Obviously the U.S. has decided to let the Dollar fall further. F… the Europeans. This will rapidly increase the prices the U.S. consumers have to pay for energy and other imports. A lower Dollar may help Boeing to sell a few more airplanes, but the little folks will get screwed by high prices and a tanking economy.
If the Fed would be independent and smart, it would increase interest rates by several points. That would squeeze out inflation and lead to a healthy fast deflation of the popping credit bubble. But the Feds concern is Wall Street and plenty of cheap money, it hopes, will keep the banks and the stock markets up.

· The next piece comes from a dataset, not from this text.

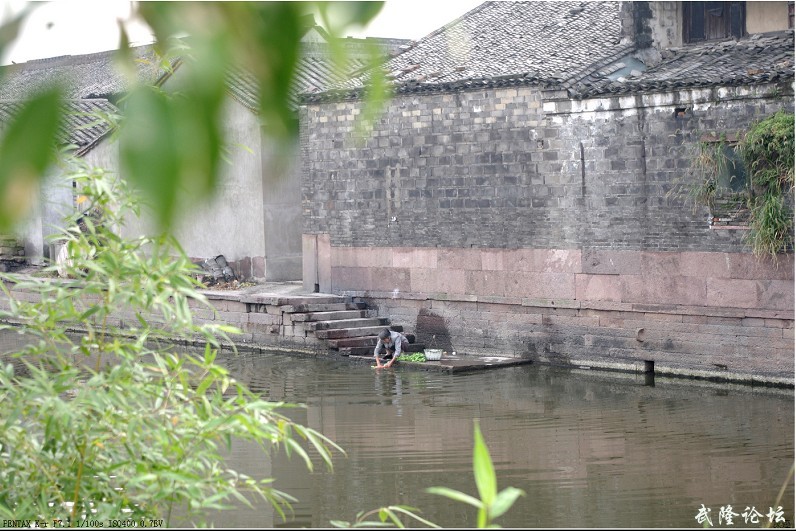 QQ截图20121008140037.jpg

There is still resistance by the banks to acknowledge the real amount of junk papers they have in their books. When the first Mortgage Backed Securities were downgraded people spoke of possible losses of $50 billion. Now some talk of $500 billion. My estimate is a trillion and then some.
This not only from mortgage papers and related debt obligations and derivatives thereof, but also from various debt obligations that aggregate consumer credit cards and car loans. People losing their home will not balance their credit cards or honor their car loans. The papers backed by these loans are thereby also junk. The trillion in bank losses come on top of the trillions in book losses home owners have with the values of their houses declining. The size of this devaluation is unprecedented.
The Fed tries to keep the markets up but it is obvious that something systemic went wrong and the huge mess in the credit markets will over time be reflected in stock values too. When Google stocks are back down at $100 the crisis may be over. But we are still far away from that.
Little noticed, another bubble burst this week. After eleven years of rising art prices Sotheby, the British auction house, yesterday failed to sell a load of impressionist artwork for the suggested prices.
Analysts were particularly struck by the fact that Vincent van Gogh’s landscape, Wheat Fields, possibly his last finished work, painted in 1890 two weeks before he committed suicide, was left unsold; Sotheby’s had valued it at up to $35m (£17.5m).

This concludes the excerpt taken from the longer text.